エレクトロ・ハーモニックス社は、ロシア政府が輸出禁止とした品目の中に、同社が他社を含むギターアンプと一部のペダルの製造に提供しているロシア製の真空管が含まれていることを発表しています。

EHX真空管に関するお知らせ(2022年3月16日)

2022年3月11日、ロシアは現在のウクライナ紛争をめぐる制裁を受け、約200品目の輸出禁止措置を講じました。この禁止措置はEHXのロシア製真空管〈Electro-Harmonix|EH Gold|Tung-Sol|Genalex|Svetlana|Sovtek〉にも適用されます。現時点で、この措置は2022年末まで有効とのことです。この輸出禁止措置により、これらのブランドの真空管は今後の入荷が未定となっております。

日本エレクトロ・ハーモニックス

輸出禁止はロシアの工場で製造されている7ブランドの真空管にも適用されることが確認されています。

  • Electro-Harmonix
  • Electro-Harmonix Gold
  • Sovtek
  • Tung-Sol
  • Mullard
  • Svetlana
  • Genalex Gold Lion

輸出禁止の影響

真空管のロシアからの輸出禁止により、世界的な真空管の供給不足が懸念され、アンプなどの製造にはかなりの痛手となる可能性があります。

ロシア以外に真空管の大規模な真空管製造会社は、スロバキアのJJと中国のShuguang(曙光電子)の2社がありますが、JJの本社があるスロバキアはウクライナと国境を接する隣国、また中国も今後のウクライナ侵攻にどう関わっていくかが注目されており、この2社で世界の真空管需要をまかなえるかは不透明な状況です。

各メーカーのアンプやペダルの製造に加え、ユーザーが保有している真空管アンプのメンテナンス面でも影響が出そうです。

【Update】3月17日 ロシアが真空管の輸出を解禁

エレクトロ・ハーモニックス社によると、真空管の新規注文の受付を再開し、4月から出荷を目指すと発表されました。

すべてのEHXチューブのお客様へ

ロシアのチューブの輸出制限は今のところ解決されています。新規注文の受付、入荷待ちの処理、4月の発送再開を目指しております。最も古い注文が優先されます。

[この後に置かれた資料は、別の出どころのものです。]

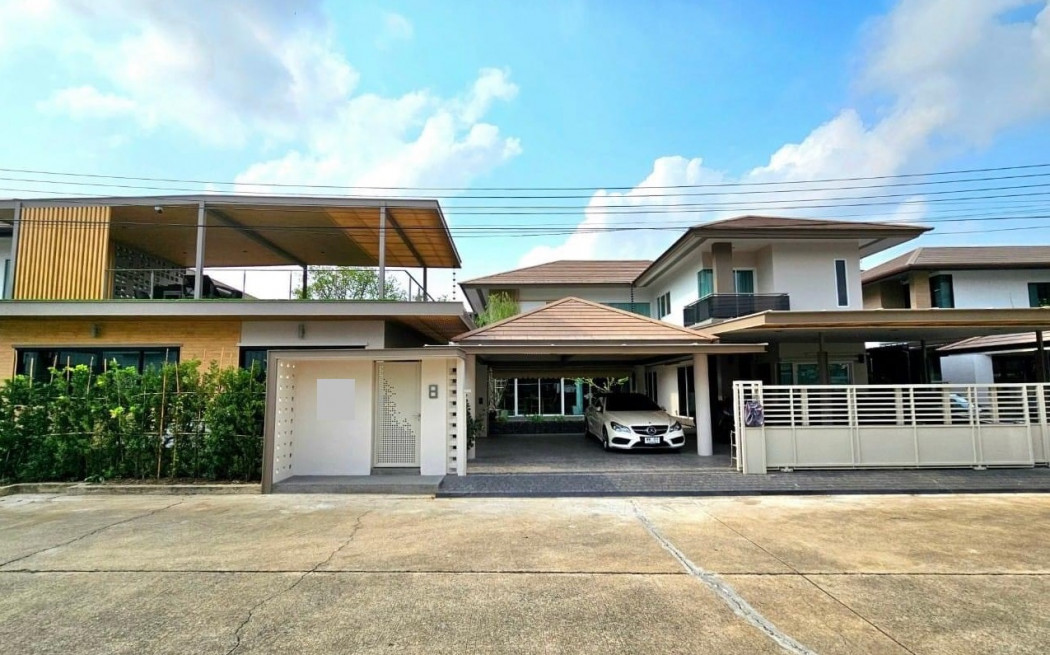 For RentHouseLadkrabang, Suwannaphum Airport : For rent: Single house, Nirvana Icon, Wongwaen-Rama 9, land area 131 sq m, has a golf course, 5 bedrooms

さまざまな経済的圧力を考慮して、卸売価格を引き上げる必要があります。この値上げは、すべてのバックオーダーと新規オーダーに適用されます。また、政府がロシア製品に対する関税の引き上げを実施すると、ニューヨーク本社から出荷されるチューブの価格がさらに上昇する可能性があります。これは、カナダが現在課している35%の税率と同様です。EU、英国、日本を含む他の地域もそれに続くと予想されます。

エレクトロ・ハーモニックス(日本語訳)

ただし「さまざまな経済的圧力を考慮して、卸売価格を引き上げる必要がある」と発表されており、真空管の卸価格が値上されると思われ、加えてロシアへの経済制裁としてロシア製品への関税を引き上げる国が相次いでおり、それらの国では関税分でさらなる価格の上昇が見込まれます。これにより様々なアンプの販売価格への影響も推測されます。

今まではロシア倉庫からエレクトロ・ハーモニックス社が本拠を置くニューヨーク倉庫を経由して各国に発送されていましたが、高額な関税の回避として、エレクトロ・ハーモニックス社は「合計3,000ドル以上(大量注文)の米国以外のすべてのお客様の場合、最寄りの国際空港に直接発送することを検討してください」と発表しています。米国の輸入関税の引き上げを回避するのがねらいです。

いったんはロシア製真空管の製造は継続されますが、当面は供給が不安定となり、価格の上昇も見込まれます。